Article IV. Board of Directors of MGWA:
1. The Board of Directors shall consist of five elected officers
which are the President, President-Elect, Past-President, Secretary/Membership
Chairman, and Treasurer. Officers may serve more than one term.
2. The term of President shall have a duration of three years.
The first year of a President's term is served as President-Elect,
the second as President, and the third as Past-President. Terms
of Secretary/Membership Chair and Treasurer have a duration of
two years. Elections for President are held annually, elections
for Secretary/Membership Chair and Treasurer are held in alternate
years. Officers shall serve in their positions until the next
officer for the position is elected.
3. The President shall call and conduct meetings of the Board
and of MGWA, and shall be the primary operating officer of MGWA.
4. The President-Elect shall perform the presidential duties in
the absence of the President, and may be assigned other responsibilities
as directed by the Board.
5. The Secretary/Membership Chair shall keep and report the minutes
of the Board and of MGWA, shall keep and report to the Minnesota
Secretary of State any revisions or changes in the Articles of
Incorporation, shall keep a list of property belonging to MGWA,
and shall keep all books correspondence, and papers relating to
the business of the corporation (except those of the Treasurer).

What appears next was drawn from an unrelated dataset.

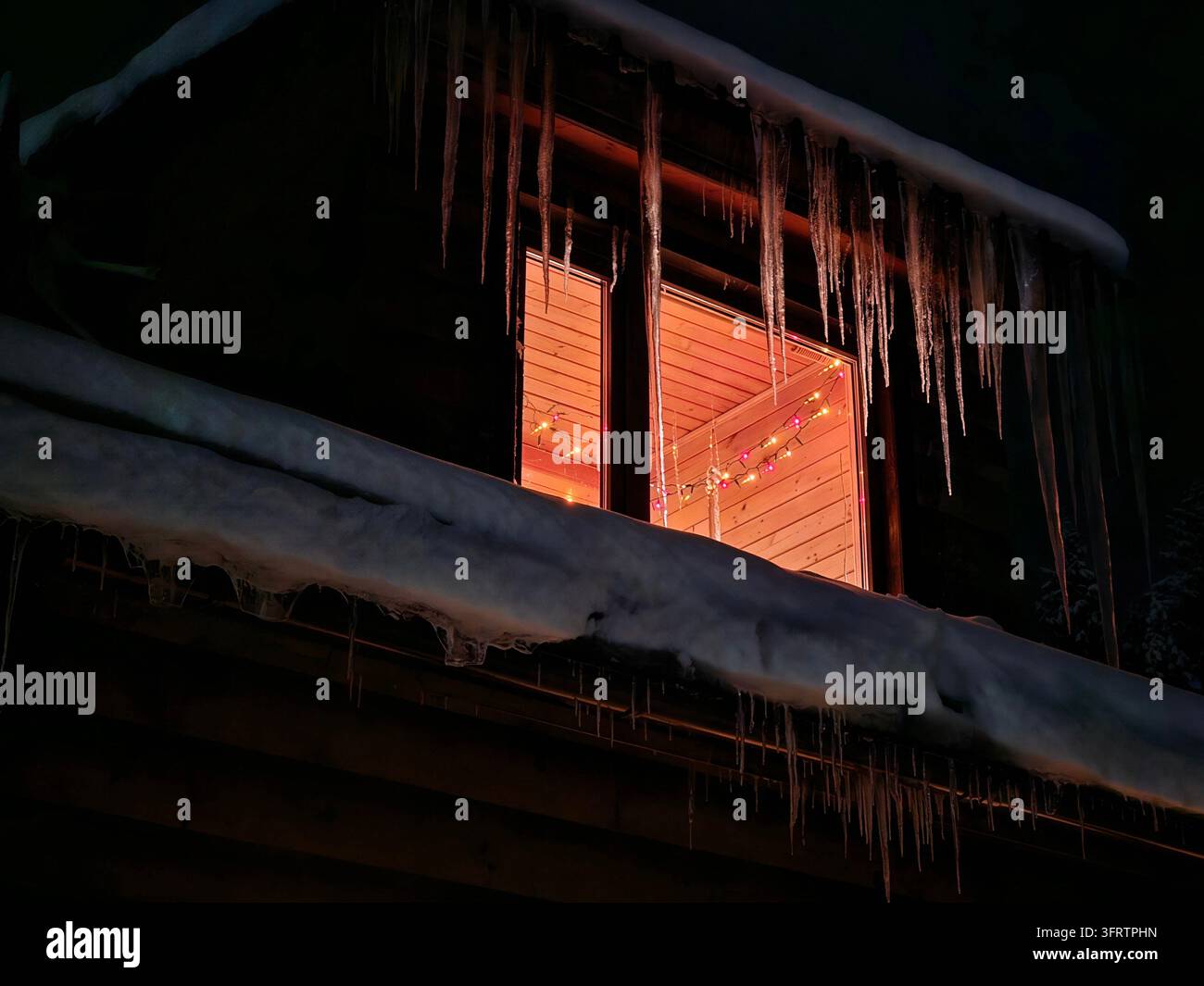 Tetto coperto di neve brilla calorosamente dall'interno. Lunghe ghiaccioli pendono dalle grondaie di notte. La cornice di legno della finestra emana una luce soffusa e dorata. L'esterno oscurato contrasta con l'interno accogliente (PR) Foto Stock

The Secretary/Membership Chair shall also keep an active membership
list and shall keep a list of prospective members to be included
in subsequent mailings.
6. The Treasurer shall maintain the accounts of MGWA including:
all financial transactions, dues information, tax statements,
necessary reports to the IRS (both State and Federal), and funding
information, and shall present a financial report at each meeting
of the Board and of the Association.
7. All officers shall be responsible for such other duties as
the Board may prescribe.
8. Vacancies on the Board shall be filled as follows:
(a) President: The President-Elect shall become President should
the position be vacant.
(b) Other vacancies on the Board shall be filled by appointment
by the President with approval of the Board at its next regular
meeting. The appointment of the new officer shall be announced
in the next regular newsletter and the new officer will be introduced
at the next meeting of the MGWA.
(c) The term of appointed officer(s) shall be limited to the unexpired
term of the vacated position.
9. The regular business meetings of the Board may be attended
by any member in good standing.
10. Any officer may be removed from the Board by an affirmative
vote of the majority of directors present at an official meeting
of the Board. Notice of the proposed removal will be given to
members with the notice of the meeting. The officer involved will
be given an opportunity to be present and be heard at the meeting
at which his or her removal is considered.
Article V. Membership:
1. Membership shall be open to all persons who have an interest
in ground water resources.
2. Condition of membership shall be payment of annual dues prescribed
by the Board.
3. Membership is on a calendar year basis. The board may authorize
partial-year rates for members who join after June 30.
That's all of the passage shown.